If you are not in tune with your inner writing voice, then you can lose track of how the prose flows and sounds. But when you use your writing voice, you kind of narrate as you go along, which helps you to gauge if your writing is good enough. In other words, you are being both the writer and the reader at the same time.
I’m not suggesting, of course, that you read out loud. Just acknowledge what you’re writing in your head, rather than just spewing any old nonsense onto the page. Authors speak in a certain way on the page, which differs from how people speak orally, so it’s important to get into that zone.
On days when my writing voice is absent, I find it very difficult to string sentences together and produce quality writing. To remedy this, I usually grab a notepad and do a writing warm-up, spewing words onto the page until the sentences become more coherent and I rediscover my writing voice.
I suppose it depends upon the type of book that you’re writing!
Traditionally, authors usually did a lot of description along with massive preambles, which most readers today would find quite cumbersome. These days, most people simply don’t have the time or the concentration for too much description and prefer to be thrown straight into the action!
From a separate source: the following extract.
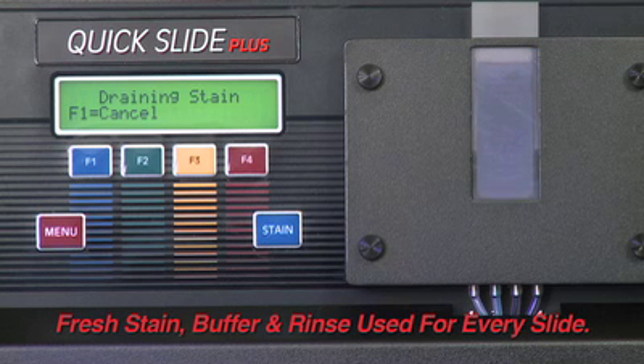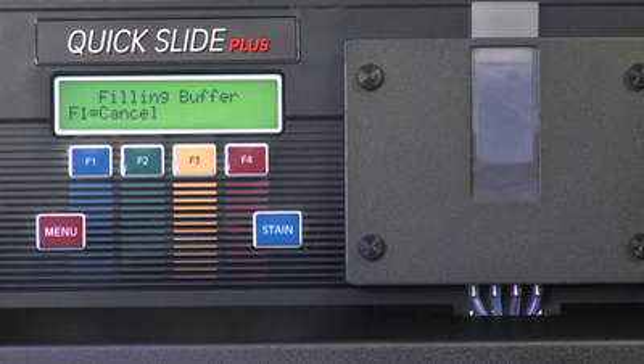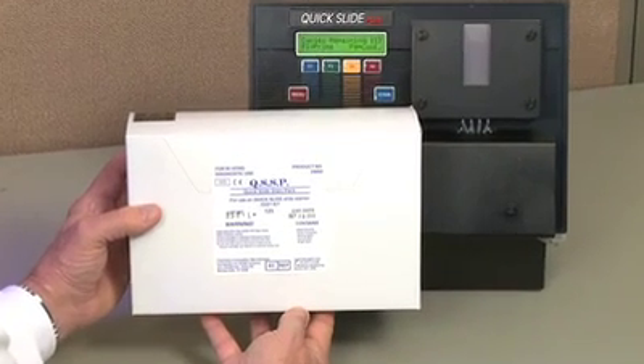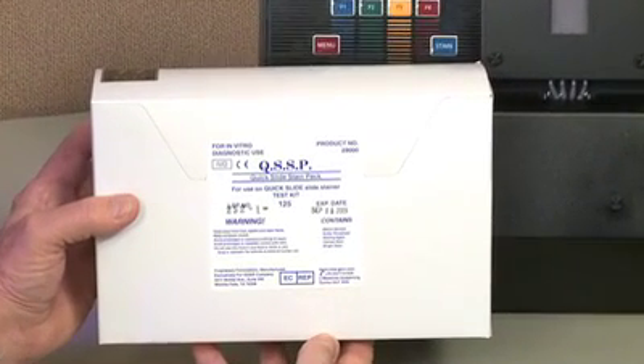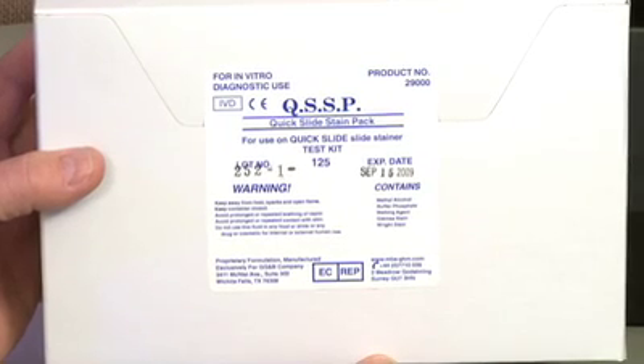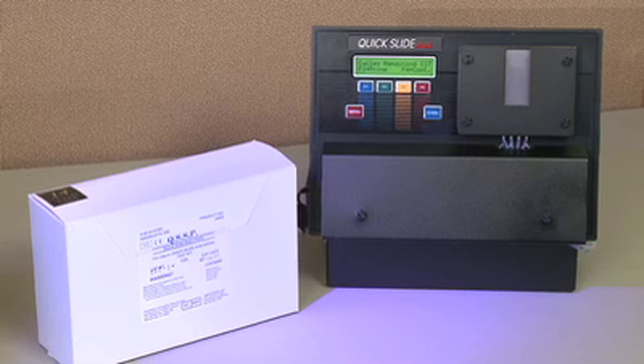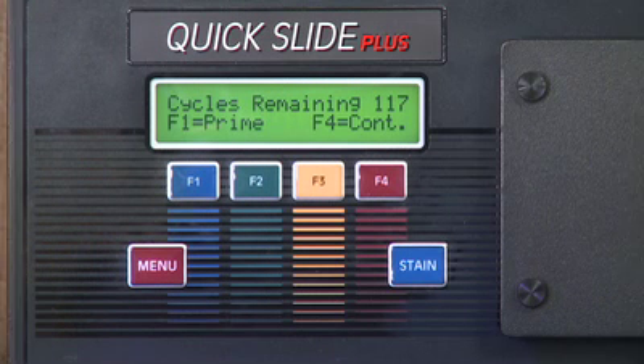Quick Slide Plus uses fresh stain, buffer, and rinse for every slide. Minimal maintenance is required with no more stain spills. Specially formulated reagents of modified Rite-Giemza, phosphate buffer, and DI water rinse with a 10% blend of methanol alcohol are provided in each stain kit, which does 125 slides. The LCD display shows how many cycles are remaining in the stain kit after each use.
So far, the description in my books has been very minimal, as I am acutely aware that the patience of most modern readers hangs by a thread. Of course, if you hook your readers with the story and characters then they’re more likely to stick around, but nobody wants to be bogged down by too much description! As long as you paint a clear picture for your readers, then you have done your duty as a writer.
The description should enrich and supplement the story, not distract from it! If I ever feel that the description is going off on a tangent then I reign it back in, unless it’s important to the narrative. However, some genres naturally lend themselves to more description, such as science fiction and fantasy. In these cases, the readers usually crave as much detail as possible about the world that you’ve created.
But regardless of where your story is set, try to keep the story flowing at all times and prevent your description from stalling things. Rather than have a solid paragraph describing something, try feeding the information to the reader in dribs and drabs. Not only will they appreciate you for it, but they’ll probably remember the information much better too!